What the exercise asks: Repeat the lines of the data that follow, please, starting at the first and stopping after the one with "Tiêu chuẩn AiSi".

──────

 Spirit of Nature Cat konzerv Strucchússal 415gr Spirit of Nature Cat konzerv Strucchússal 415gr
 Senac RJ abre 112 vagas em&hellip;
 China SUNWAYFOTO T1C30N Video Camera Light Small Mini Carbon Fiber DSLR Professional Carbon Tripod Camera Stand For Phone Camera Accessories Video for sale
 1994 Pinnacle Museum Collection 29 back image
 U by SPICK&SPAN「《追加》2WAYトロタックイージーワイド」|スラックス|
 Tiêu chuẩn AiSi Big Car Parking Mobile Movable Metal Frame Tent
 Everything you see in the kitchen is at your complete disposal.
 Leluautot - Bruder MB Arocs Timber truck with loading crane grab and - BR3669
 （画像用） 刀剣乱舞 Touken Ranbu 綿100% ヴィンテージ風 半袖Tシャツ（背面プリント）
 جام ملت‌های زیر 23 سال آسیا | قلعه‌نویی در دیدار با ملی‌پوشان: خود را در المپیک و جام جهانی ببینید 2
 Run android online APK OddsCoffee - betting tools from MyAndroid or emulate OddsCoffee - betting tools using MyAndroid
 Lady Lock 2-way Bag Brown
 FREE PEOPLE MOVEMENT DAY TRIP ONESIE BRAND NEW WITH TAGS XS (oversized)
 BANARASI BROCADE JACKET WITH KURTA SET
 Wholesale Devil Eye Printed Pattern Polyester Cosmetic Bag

──────

Expected output:
 Spirit of Nature Cat konzerv Strucchússal 415gr Spirit of Nature Cat konzerv Strucchússal 415gr
 Senac RJ abre 112 vagas em&hellip;
 China SUNWAYFOTO T1C30N Video Camera Light Small Mini Carbon Fiber DSLR Professional Carbon Tripod Camera Stand For Phone Camera Accessories Video for sale
 1994 Pinnacle Museum Collection 29 back image
 U by SPICK&SPAN「《追加》2WAYトロタックイージーワイド」|スラックス|
 Tiêu chuẩn AiSi Big Car Parking Mobile Movable Metal Frame Tent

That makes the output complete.